* _DATASET EXCERPT_:
=-=-=

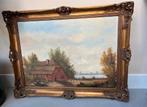 Schilderij landschap gouden lijst groot vintage 83 bij 63 cm, Antiek en Kunst, Kunst | Schilderijen | Klassiek, Ophalen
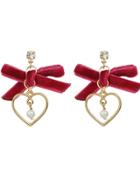 Romwe Red Color Velvet Bowtie Pearl Heart Shape Drop Earrings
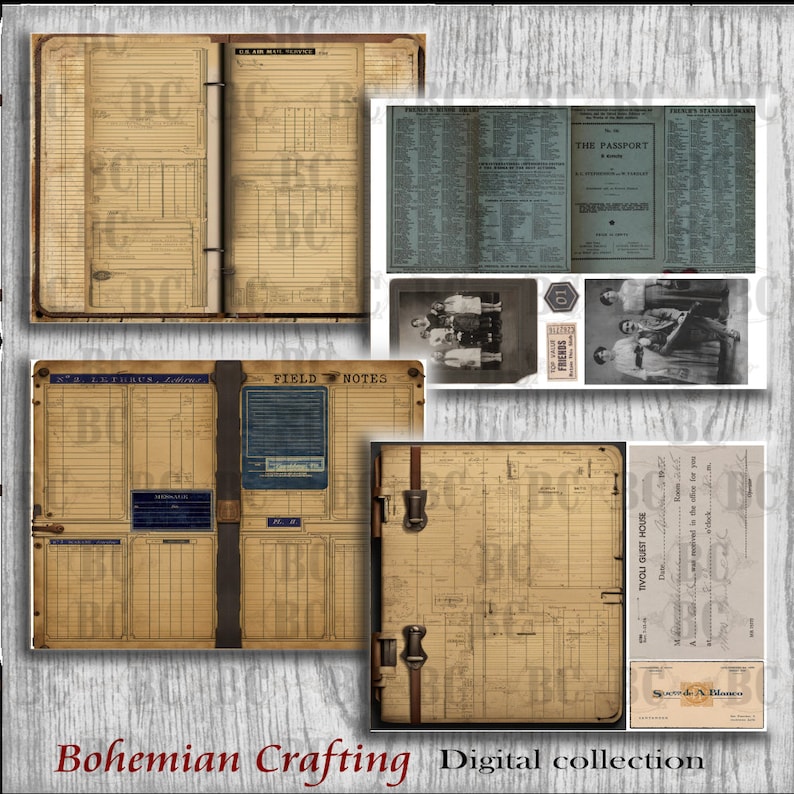 Grunge Basic Vintage Journal Kit, Digital Design, Journal Ephemera ...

=-=-=

* _DIRECTIONS FOR THIS TASK_:
All of the material above needs to be restated exactly, with no pictures.

* _ANSWER FOR THE TASK_:
 Schilderij landschap gouden lijst groot vintage 83 bij 63 cm, Antiek en Kunst, Kunst | Schilderijen | Klassiek, Ophalen
 Romwe Red Color Velvet Bowtie Pearl Heart Shape Drop Earrings
 Grunge Basic Vintage Journal Kit, Digital Design, Journal Ephemera ...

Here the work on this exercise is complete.